IX.
SOBRE EL PODER DE LOS PRÍNCIPES
La Hechicera no miró en dirección a Shadwell cuando éste entró; en realidad parecía no haber movido un solo músculo desde la noche anterior. La habitación del hotel olía a rancio a causa del aliento y el sudor de Immacolata. Shadwell aspiró profundamente.
—Mi pobre libertino —murmuró ella—. Está destruido.
—¿Cómo es posible? —quiso saber Shadwell. Seguía teniendo muy clara en la cabeza la imagen de la criatura, con toda su aterradora magnificencia. ¿Cómo se podía matar una cosa tan poderosa, especialmente estando ya muerta?
—Han sido los Cucos —le explicó Immacolata.
—¿Mooney o la muchacha?
—Mooney.
—¿Y los que escaparon de la alfombra?
—Han conseguido sobrevivir todos menos uno —le dijo Immacolata—. ¿No es eso, hermana?
La Bruja estaba agachada en un rincón, y su cuerpo parecía flema sobre la pared. Le respondió a Immacolata en voz tan baja que Shadwell no la oyó.

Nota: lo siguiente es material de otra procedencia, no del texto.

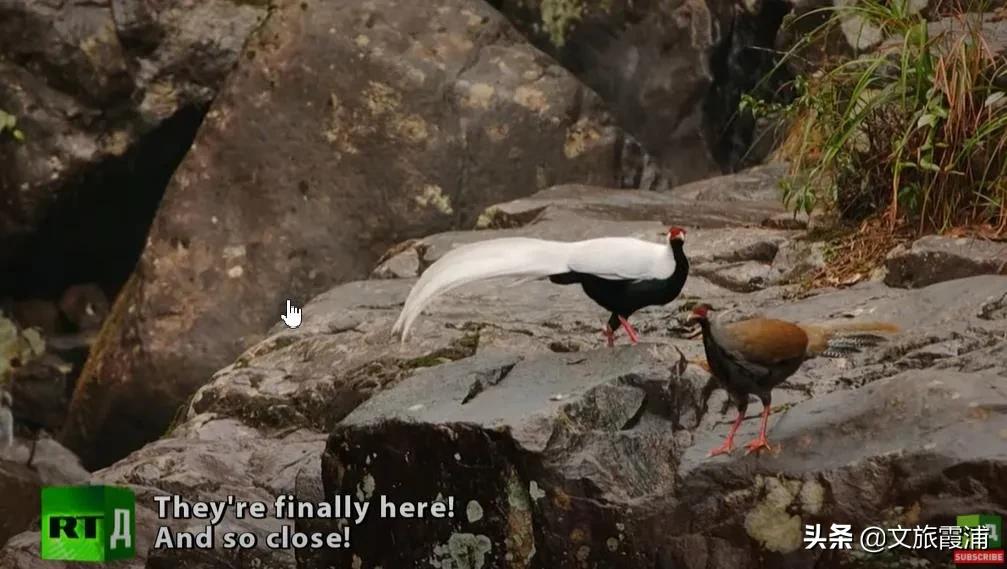 霞浦上了俄罗斯电视台！看美女主播都说些什么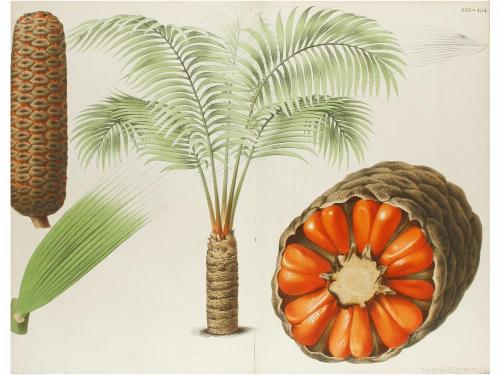 1867-1879. REVISTA. (BOTÁNICA). L'ILLUSTRATION HORTICOLE. JO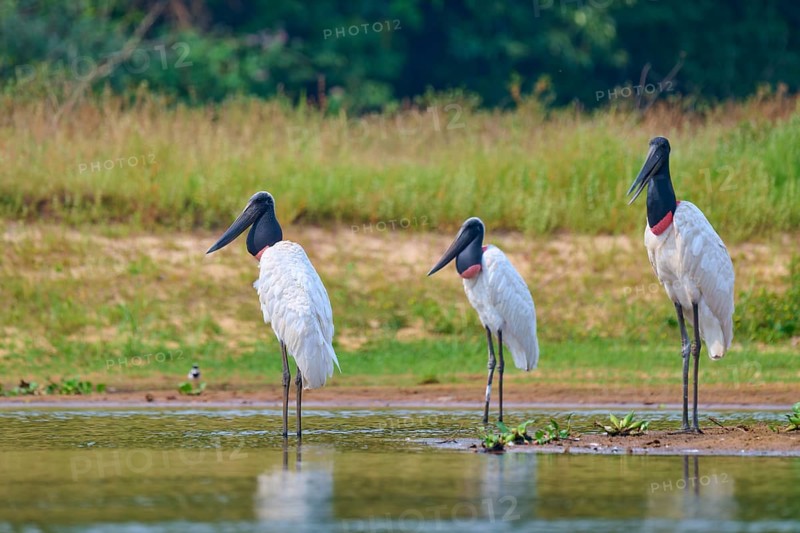 Three Jabirus standing on the bank of a calm water surrounded by green grass, Jabiru (Jabiru mycteria), Rio Negro, Pantanal, Mato Grosso, Brazil
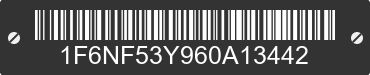 2006 FORD Motorhome Chassis 1F6NF53Y960A13442 VIN decoded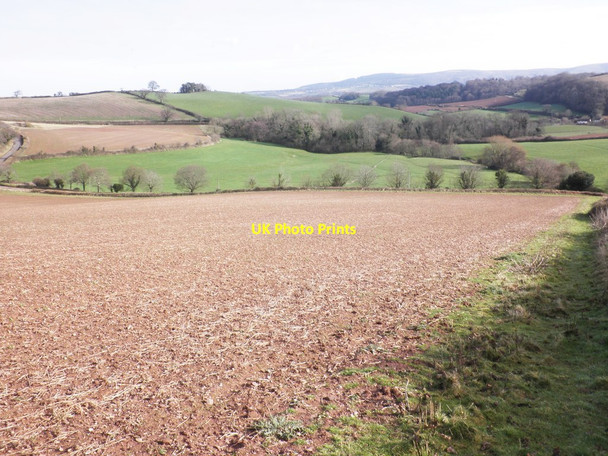 Photo 6"x4" Muddy field, near Huish Barton Beggearn Huish c2013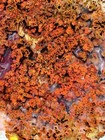 6-Texas Plume Agate And Moss Agate lapidary slabs  Rough 419 Grams — photo 4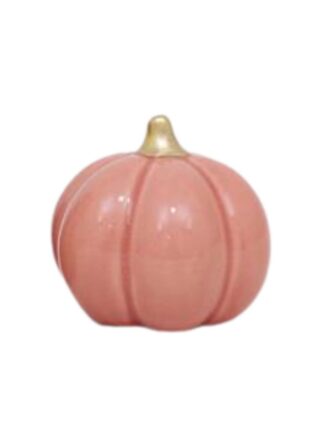 Pumpa rosa 7x7x6,5cm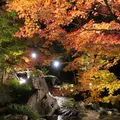 白鳥庭園の写真_105777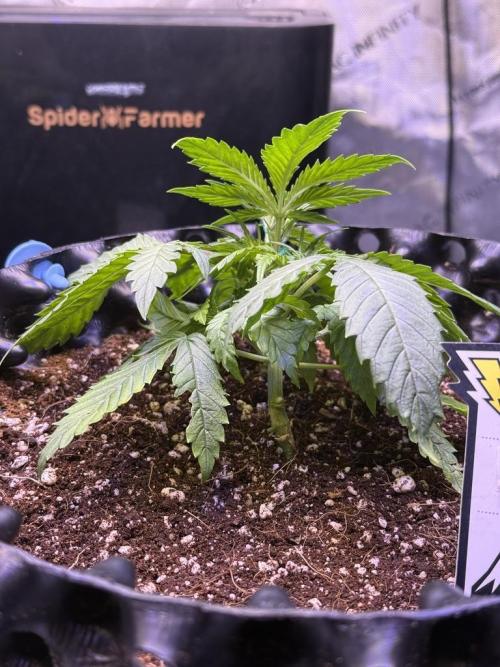 Jack Herer Auto. Week 4 - Day 24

—Sí —continuó la Hechicera—. Mi hermana vio cómo era liquidado uno de ellos. El resto escapó.
—¿Y el Azote?
—No oigo más que silencio.
—Estupendo —dijo Shadwell—. Trasladaré la alfombra esta noche.
—¿Adónde?
—A una casa que se encuentra al otro lado del río y que pertenece a un hombre con el que en otra época hice negocios: Shearman. Allí celebraremos la subasta. Este lugar es demasiado público para nuestros clientes.
—Entonces, ¿van a venir?
Shadwell sonrió con ironía.
—Claro que van a venir. Esas personas llevan muchos años esperando. Esperando tan sólo a que se les presentase una oportunidad de poder pujar. Y yo soy quien va a darles esa oportunidad.
Le complacía pensar en la presteza con que habían saltado a una orden suya los siete poderosos licitantes a quienes habían invitado a aquella Venta entre Ventas.
Entre estos componentes se encontraban algunos de los individuos más acaudalados del mundo; algunas fortunas lo suficientemente grandes como para comerciar con las naciones. Ninguno de los siete tenían un nombre que hubiera significado nada para la gente de la calle —eran, como los que son verdaderamente poderosos, anónimamente grandes—. Pero Shadwell había llevado a cabo sus pesquisas muy bien. Sabía que aquellos siete tenían en común más cosas que una riqueza incalculable. Todos, lo sabía, estaban hambrientos de cosas milagrosas. Por eso ahora abandonaban sus castillos y sus áticos y se apresuraban a acudir a aquella mugrienta ciudad con el paladar seco y las palmas de las manos sudorosas.
Él tenía algo que cada uno de ellos quería casi tanto como la vida misma; y quizá más que la riqueza. Ellos eran poderosos. Pero aquel día, ¿no era él más poderoso?